Start slowly and build up. My desk is electric so I can raise and lower it when I want. At first, I just stood for the first hour of the morning and then another hour at the start of the afternoon. Then made sure that "hour" got longer and longer as the days and weeks passed.
What also helps is moving around rather than being stood still for hours. I'd previously been "saving" trips to other areas of the office, i.e. the filing room, copier, printer, loo, kitchen, etc., and heaving myself of my chair once every couple of hours to do loads of things before sitting down again. So very long periods of just sitting. When I was standing, as I was already "up", I'd just trot over to the copier, printer, filing room, etc., many times per hour, which made me more active in addition to standing rather than sitting.
My step counter previously showed just a few hundred steps per day walking occasionally around the office, but once I was standing for a couple of hours in the morning and a couple of hours in the afternoon, my steps increased to a few thousand per day, without me even realising it.

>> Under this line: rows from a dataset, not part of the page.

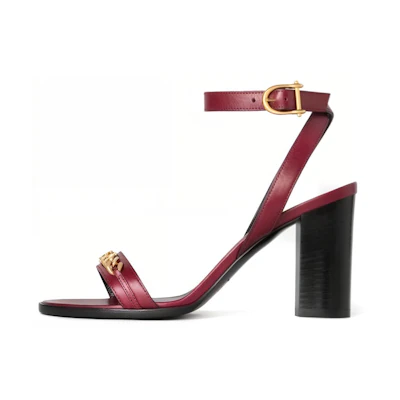 (W) CELINE Triomphe High Heel Sandals 'Black and Red'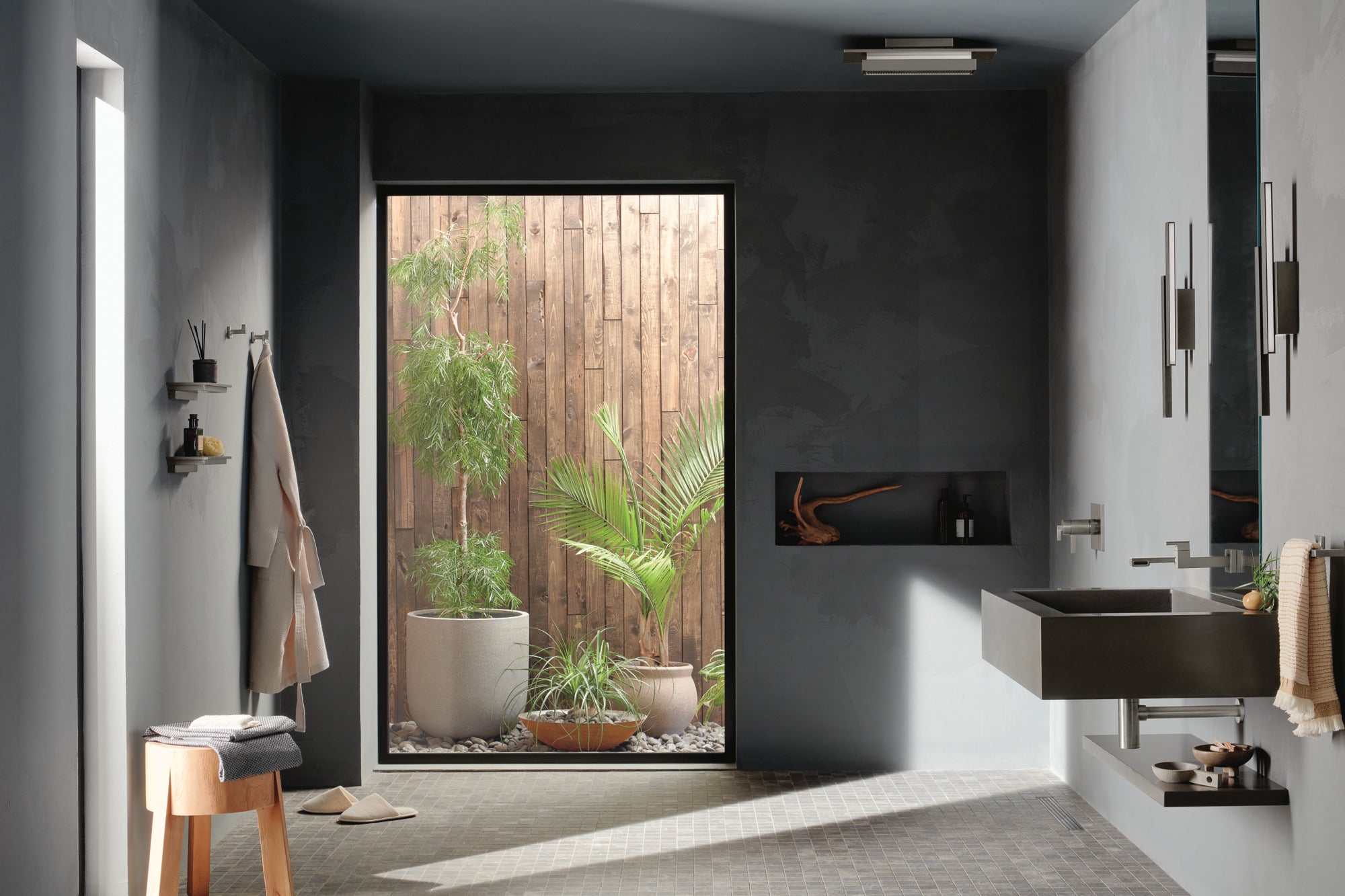 luxe steel wall shelf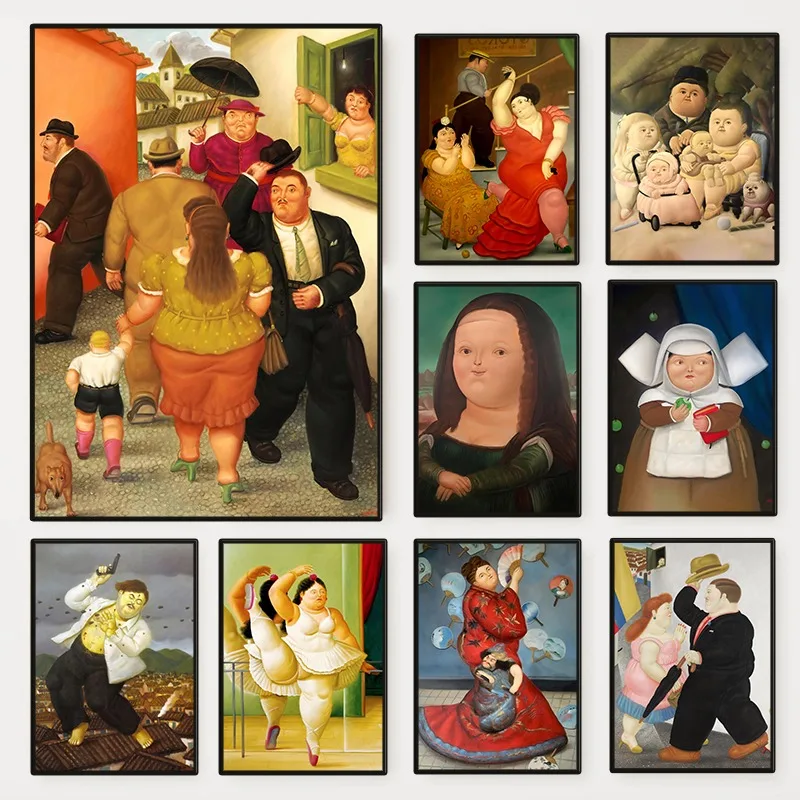 Fernando Botero Dancer Poster Latin American Abstract Human Portrait Canvas Painting Wall Art Picture for Living Room Home De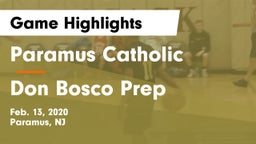 Paramus Catholic  vs Don Bosco Prep  Game Highlights - Feb. 13, 2020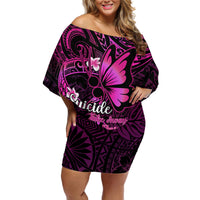Polynesia Suicide Prevention Awareness Off Shoulder Short Dress Your Life Is Worth Living For Polynesian Pink Pattern - Wonder Print Shop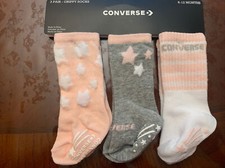 Converse 3-Pack White Pink  Gray Grippy Socks Baby Girl 6-12Months FREE SHIPPIN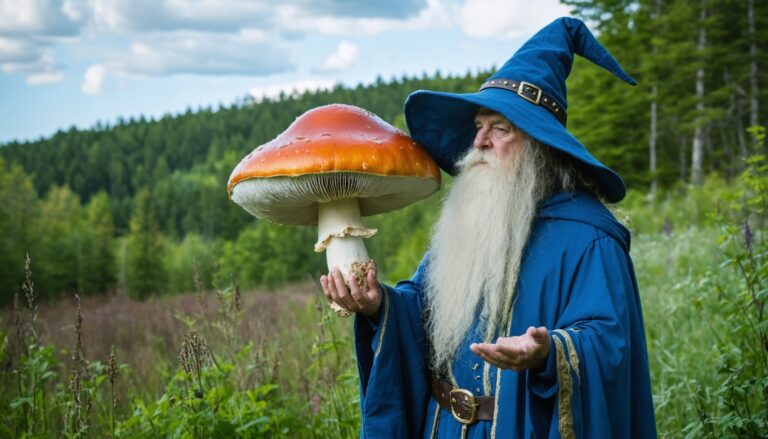 photograph of a cosplaying wizard holding a giant mushroom with a scenic landscape of Quispamsis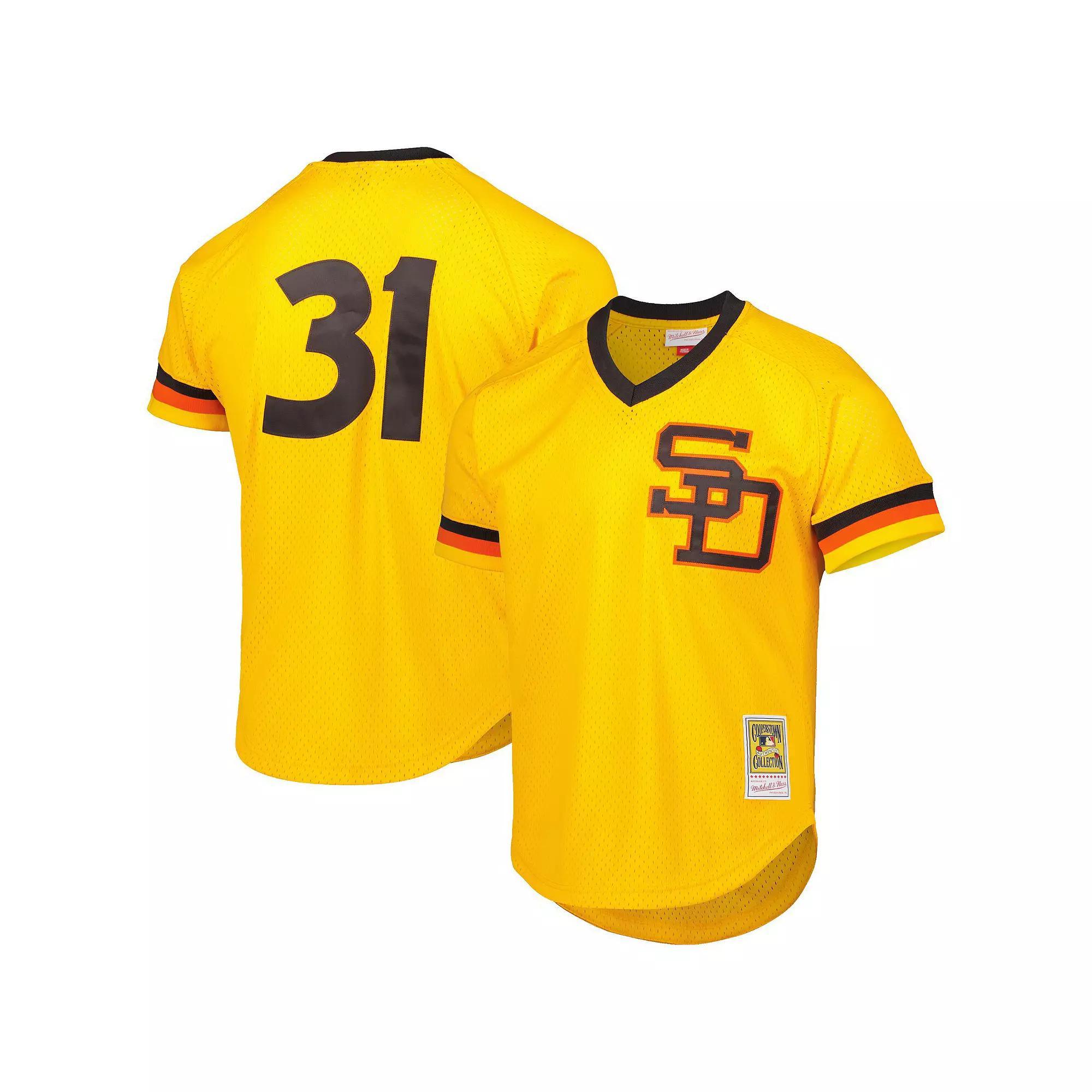 Men's Mitchell & Ness Dave Winfield Gold San Diego Padres Cooperstown Collection Mesh Batting Practice Jersey,  Product Image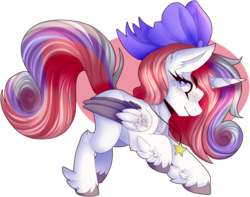 Size: 5983x4717 | Tagged: safe, artist:azrealrou, oc, oc only, oc:starfalls, alicorn, pony, abstract background, absurd resolution, alicorn oc, bow, colored hooves, ear fluff, folded wings, freckles, hair bow, jewelry, necklace, profile, raised hoof, solo, unshorn fetlocks, wings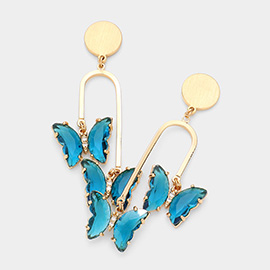 Geometric Metal Double Lucite Butterfly Dangle Earrings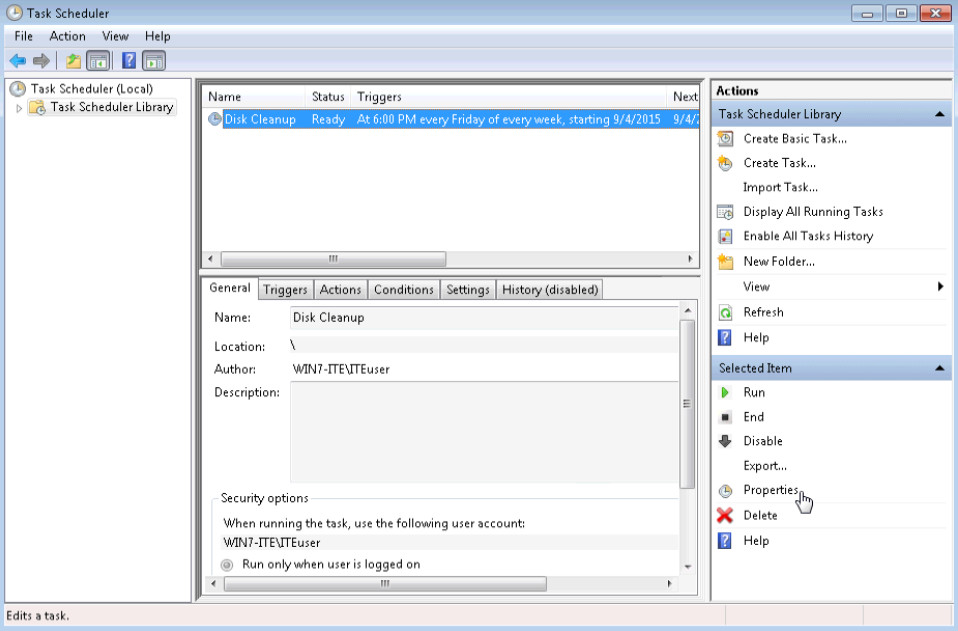 6.3.1.5 Lab - Task Scheduler in Windows 7 and Vista (Answers) 36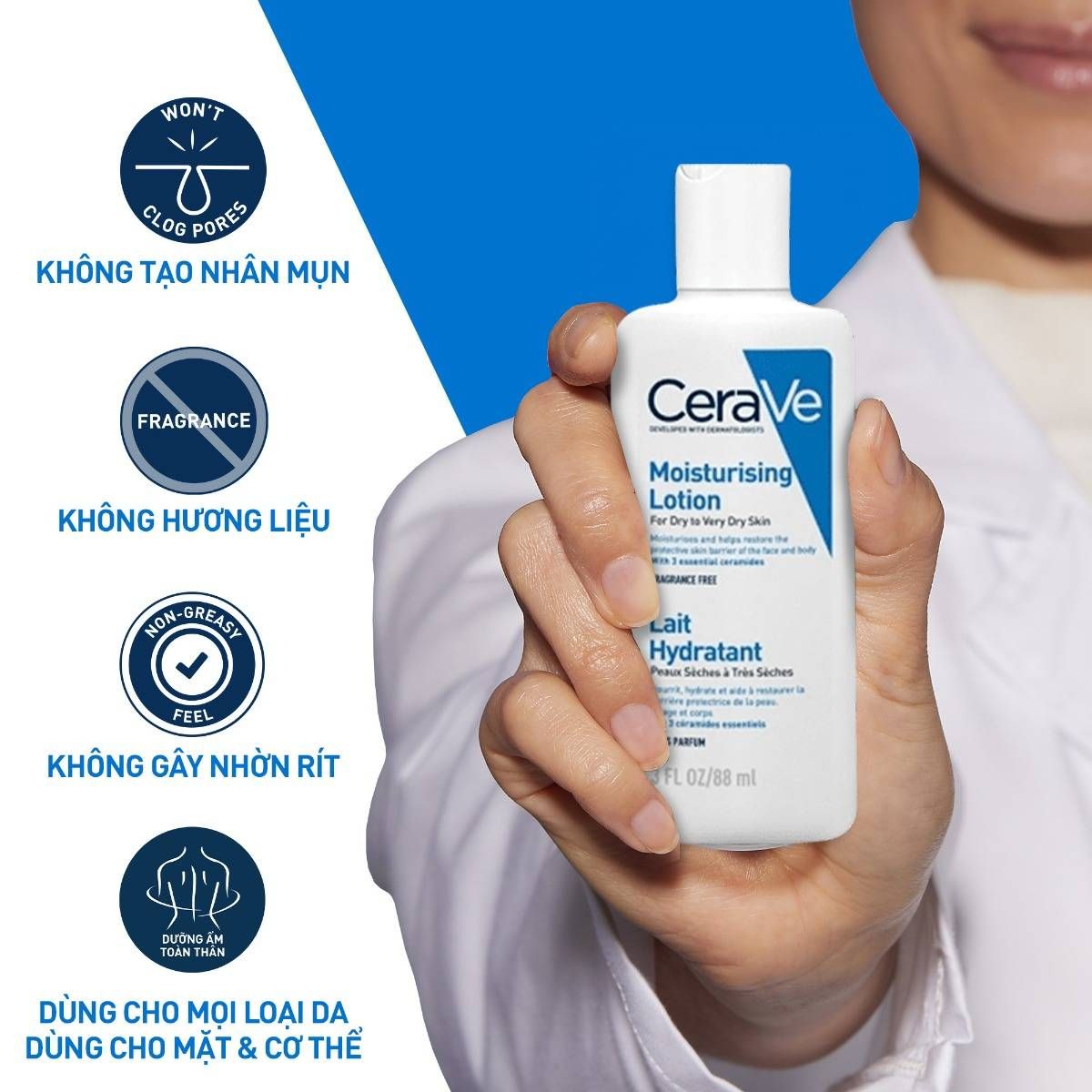 Sữa Dưỡng Ẩm Dành Cho Da Khô Cerave Moisturising Lotion 88Ml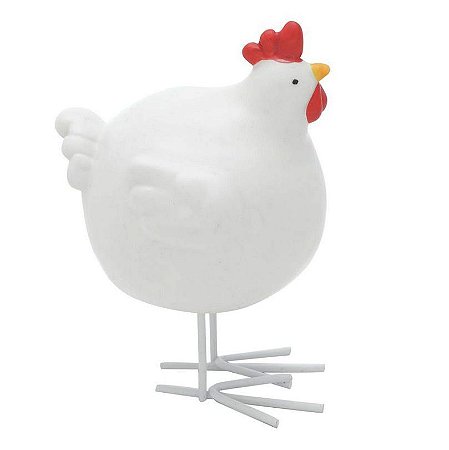 Galinha Decorativa de Cerâmica e Metal Fatty Chicken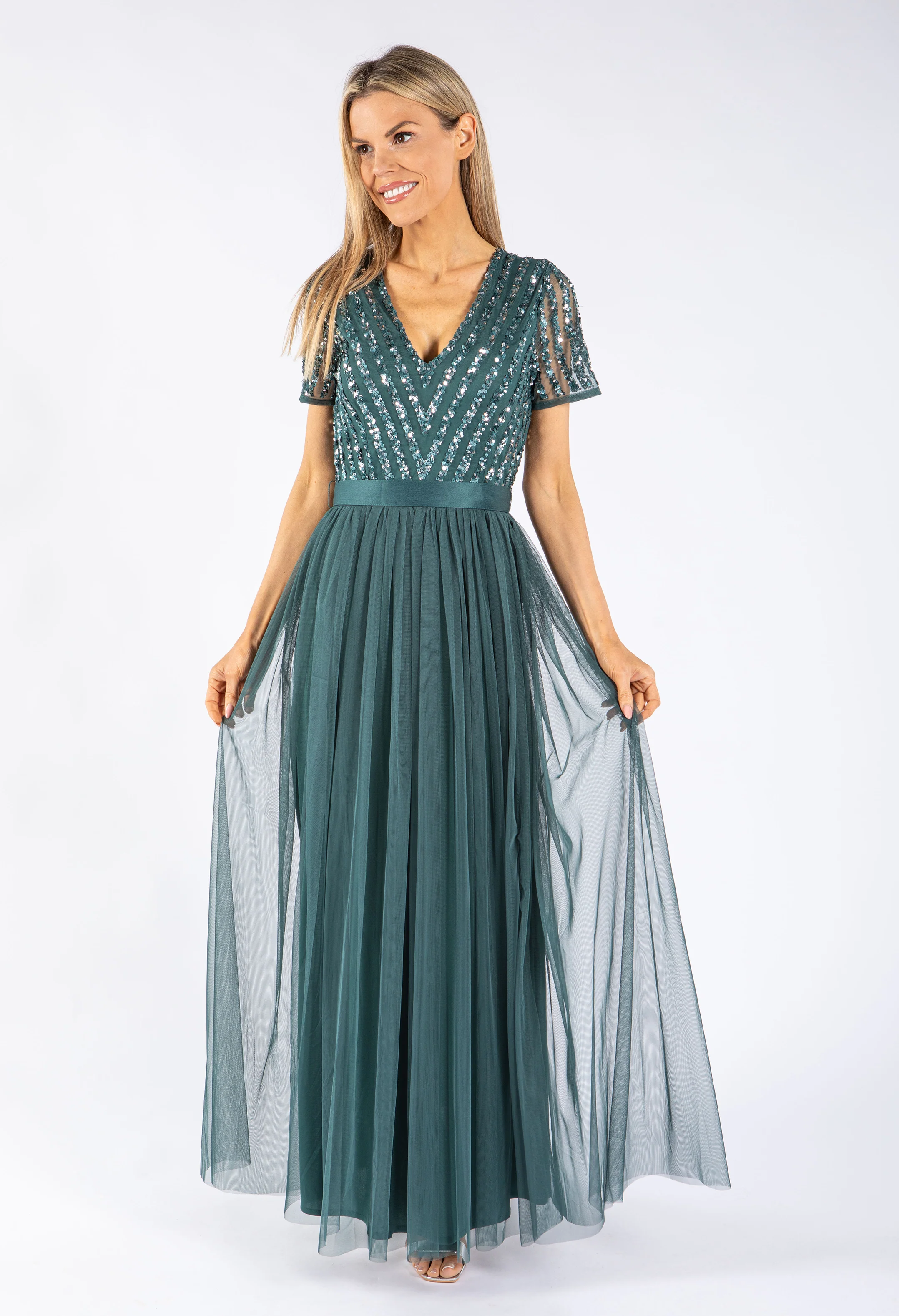 STRIPE EMBELLISHED MAXI DRESS WITH SASH BELT - Image 22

Being more active throughout the day, on top of standing when working at the computer, certainly helped with hip pain. Nothing worse than standing still for a long term, but that's really not the whole point of the standing desk - yes, it improves your body "stationary" position, gets the blood pumping more, and builds muscle in the backs and legs, but more important than that is the way you're more likely to move around more in your workplace simply because you're already on your feet, so going to the copier isn't a big effort anymore and instead of returning/collecting several files at once, you go multiple times to put one back and take the next out.